As the internet will tell you, the acronym API stands for “Application Programming Interface”, and it has something to do with communicating:

  • Wikipedia: “a way for two or more computer programs or components to communicate with each other”

  • Red Hat: “a set of definitions and protocols for building and integrating application software”

  • Gartner: “an interface that provides programmatic access to service functionality and data within an application or a database”

Clear as mud.

How about something a little more concrete? An API is a menu: it defines what you can order and how. 

If you show up to your local Taco Bell and ask for a Crunchwrap Supreme®, they’ll understand what you want, take your payment, and give you the food. You can make reasonable customizations, like adding beans, or removing the lettuce. This is the promise of the menu. 

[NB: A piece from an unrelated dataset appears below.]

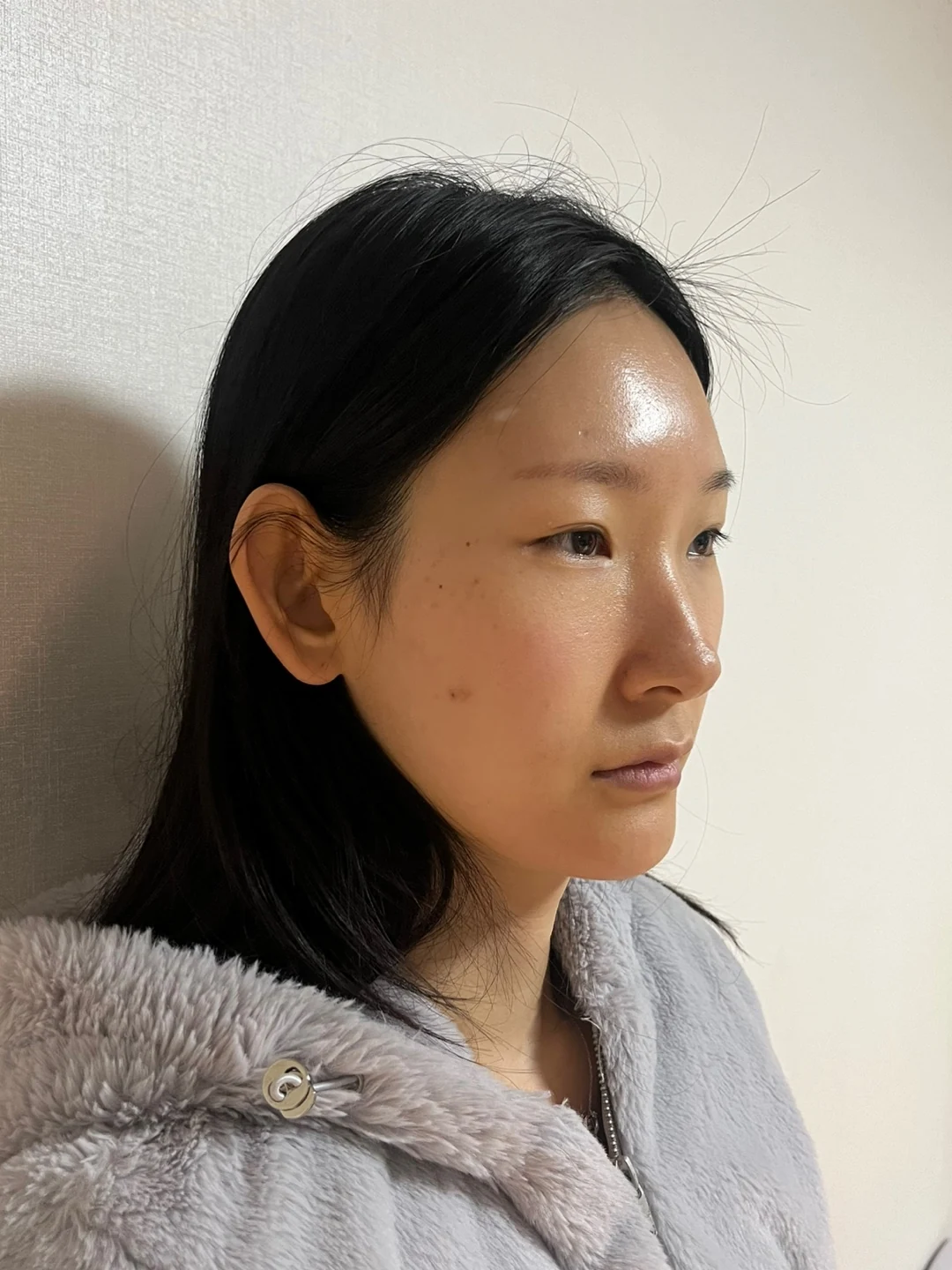 Inner-corner and revision outer-corner surgery: three-month timeline · Case 047 at Answer Plastic Surgery. Angled view before at Answer Plastic Surgery.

But you can’t ask for a “comestible wrap product… grilled to resist unfolding” - even if that's what Taco Bell called it in 2007 when they tried to file the patent. You can’t ask for the fictional Grandito, even though you know all the ingredients are behind the counter. You need to speak the language of the menu.

The menu represents the Taco Bell ordering API: it defines what you can get, and how you should ask for it. Coming back to the Wikipedia definition: “a way for two or more computer programs or components to communicate with each other” - or in other words, “the Taco Bell menu”, which defines how you can ask the cashier for the food you want (and other details, like its price and customizability).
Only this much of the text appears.